Note: You might have to change the node installation directory path based on your local installation!

1) Open Terminal app
2) Type in the command below to open the file that contains custom rules for XFENCE (it will prompt for the customer’s admin password)

sudo nano "/Users/Shared/F-Secure XFENCE/local.xfence.rc"

3) Add the entire line below to the first line of that file. You can just copy the line below with Command+C key combination and paste it to that file with Command+V key combination. 
allow prefix "/Users/" "/usr/local/Cellar/node/12.12.0/bin/node" rwcx "" "95efcb05d535725ea1bf5ee4ee0cc0b80eedb2d3e5b3df83c8be6167b373d55e" "0"
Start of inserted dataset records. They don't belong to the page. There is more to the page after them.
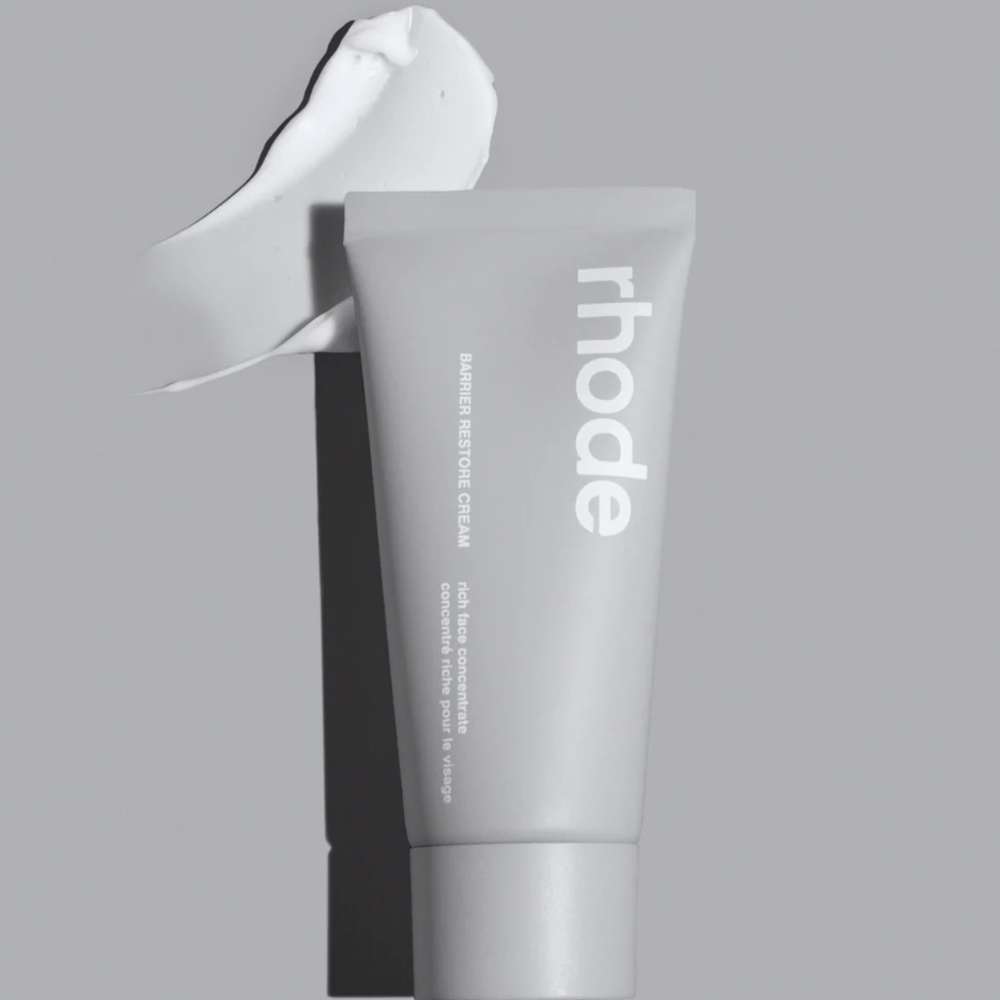 Hailey Bieber Rhode barrier restore cream BRC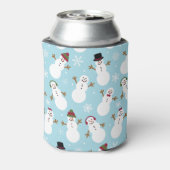 雪だるま 缶クーラー (缶裏面)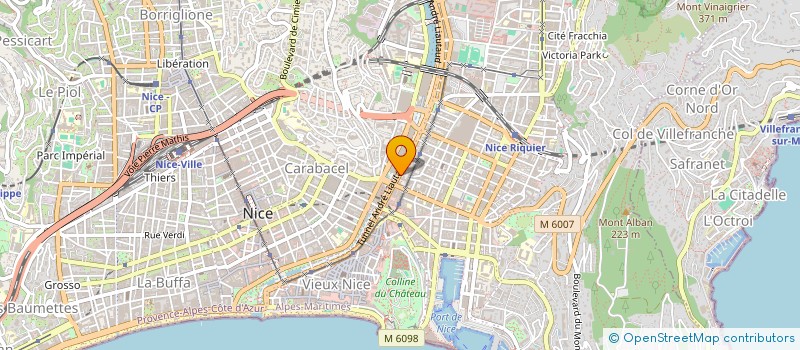 localisation de l'entreprise BARIL à NICE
4) Press Control+O key combination and "Enter" key to confirm changes to the file. And then Control+X key combination to exit from the file editing mode

5) Reboot the Mac to apply these changes.

After applying those changes, and rebooting Mac, “npm install” commands work perfectly fine.

If you are having similar issues (CPU spike because of XFENCEDaemon) while using MongDB, please add the below snippet (one line) to the ‘local.xfence.rc’ file mentioned above (taken from this F-Secure forum post) :

Note: Remember to modify mongodb installation path based on your local installation (not sure why “/Users/” part is missing in this, so you can try without it, but if still causes issue, add “/Users/” like in the above snippet for ‘node’). Both these snippets are provided by F-Secure backend support team.

allow prefix "" "/usr/local/Cellar/mongodb-community/4.2.8/bin/mongod" rwcx "" "0dbd339de14d0947837f5e904a7dde3f48c4e4932a0e44bb5ec0731e0254daf5" "0"

One would hope F-Secure would provide a more better way to manage these issues, and ideally have them documented in a proper way so anybody facing such issues can resolve them easily. There should be a support article from F-Secure to explain all those options (e.g., what is rwcx, the long random characters, and the ending “0”), so developers can use them to resolve similar issues themselves (e.g, if any other CLI tool results in similar issues).

See Macworld article about F-Secure XFence and its previous history.

Update: 21.12.2020

Note with the latest F-Secure SAFE version 17.10, you can manage this via the preference section of F-Secure SAFE app.